As I mentioned at the start, this was also free but required pre-booking, though I would imagine if it’s not busy you can easily book a ticket there and then. This was much more my speed. The exhibitions in the second floor gallery tend to be a lot quieter, maybe because people don’t realise they exist, and this was no exception. This was basically what the title promised: artistic objects (or at least, aesthetically pleasing ones) and “the interaction between scientific progress and social change”. So there was plenty of art but also clothing, fabrics, machinery, etc. And some hilarious cartoons that mocked Humphrey Davy’s fascination with nitrous oxide by copious use of fart jokes. Obviously I loved those.

 

I discovered how much I liked Otto Dix at the Weimar art exhibition at the Tate Modern, so I was pleased to see one of his sketches here along with some examples of German prosthetics made for WWI veterans.
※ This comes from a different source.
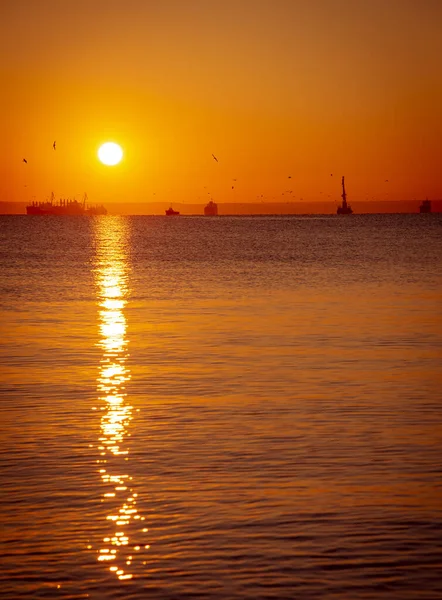 Hermosa Puesta Sol Mar Península Taman Mar Negro Paisaje Otoñal — Foto de Stock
Men who had lost limbs in the war were often then tied down to one specific job based on what their prosthetics were able to do, meaning they lacked social mobility, which is quite depressing, and Dix’s piece reflected the German ambivalence, bordering on cruelty, towards these men who had sacrificed so much.

I was also interested to see the results of mechanisation, like the puzzle board used by Rowntree’s to determine which workers were best suited to packaging chocolates (cue I Love Lucy-esque scenes of hilarity) and of course the train clock showing train time vs. local time before the clocks were standardised across Britain.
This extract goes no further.